Mientras, en Úbeda había un sentimiento
general de decepción y despecho. Le habían robado el cuerpo del Santo con
nocturnidad y alevosía. El tema fue tratado en el Cabildo de la ciudad y se
nombró una comisión para hacer traer el cuerpo de fray Juan de la Cruz a Úbeda.
Fueron nombrados comisarios Perafán de Ribera y Pedro Ortega, caballeros
veinticuatro de la ciudad. Como no hallaron eco en los frailes, decidieron
acudir a Roma.
Clemente VIII firmó un Breve en 1596,
cinco años después de su muerte, para que el cuerpo de fray Juan de la Cruz
fuera devuelto a Úbeda.

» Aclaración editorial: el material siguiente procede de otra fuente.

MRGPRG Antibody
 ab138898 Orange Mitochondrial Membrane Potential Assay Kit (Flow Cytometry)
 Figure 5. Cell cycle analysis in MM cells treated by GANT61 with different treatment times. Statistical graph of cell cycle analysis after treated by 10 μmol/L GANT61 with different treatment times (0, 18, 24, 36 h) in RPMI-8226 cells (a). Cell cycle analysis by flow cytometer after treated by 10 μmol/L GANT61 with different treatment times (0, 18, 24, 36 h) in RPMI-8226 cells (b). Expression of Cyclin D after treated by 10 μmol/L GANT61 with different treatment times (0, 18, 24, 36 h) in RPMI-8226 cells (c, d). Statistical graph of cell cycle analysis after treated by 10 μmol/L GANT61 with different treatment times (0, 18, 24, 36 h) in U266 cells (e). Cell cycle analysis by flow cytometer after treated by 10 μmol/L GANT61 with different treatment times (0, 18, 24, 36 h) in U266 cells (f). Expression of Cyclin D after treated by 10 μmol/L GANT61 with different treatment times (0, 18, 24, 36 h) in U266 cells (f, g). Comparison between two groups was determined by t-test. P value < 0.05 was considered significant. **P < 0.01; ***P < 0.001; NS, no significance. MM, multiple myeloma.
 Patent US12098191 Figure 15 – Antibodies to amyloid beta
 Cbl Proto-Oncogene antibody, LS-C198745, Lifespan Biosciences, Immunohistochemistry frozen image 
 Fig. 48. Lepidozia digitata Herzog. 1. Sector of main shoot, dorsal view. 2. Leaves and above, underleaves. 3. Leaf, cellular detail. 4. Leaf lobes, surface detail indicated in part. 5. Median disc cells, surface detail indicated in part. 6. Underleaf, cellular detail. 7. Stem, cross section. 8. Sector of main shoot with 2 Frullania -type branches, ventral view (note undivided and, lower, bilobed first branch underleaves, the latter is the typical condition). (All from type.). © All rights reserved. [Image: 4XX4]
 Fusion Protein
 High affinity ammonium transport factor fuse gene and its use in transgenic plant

En él dice el papa que «fue varón en santidad de vida y
costumbre insigne, y por tal habido y reputado». Esta afirmación del papa
sirvió a Jerónimo Gracián para escribir años después «que es casi
beatificación». El pleito se demoró y el Breve nunca se ejecutó. Años después, en 1607, antes
de un Capítulo general, los superiores de la Orden y la ciudad de Úbeda
llegaron a un acuerdo. La Orden entregaba a Úbeda algunas reliquias insignes,
como fueron una pierna desde la rodilla para abajo y un brazo del codo hasta la
mano, que fueron depositadas en la iglesia del Carmen. Reliquias recibidas con
júbilo y fiestas en Úbeda, aunque con la protesta formal de que no perdían el
derecho que tenían a todo el cuerpo.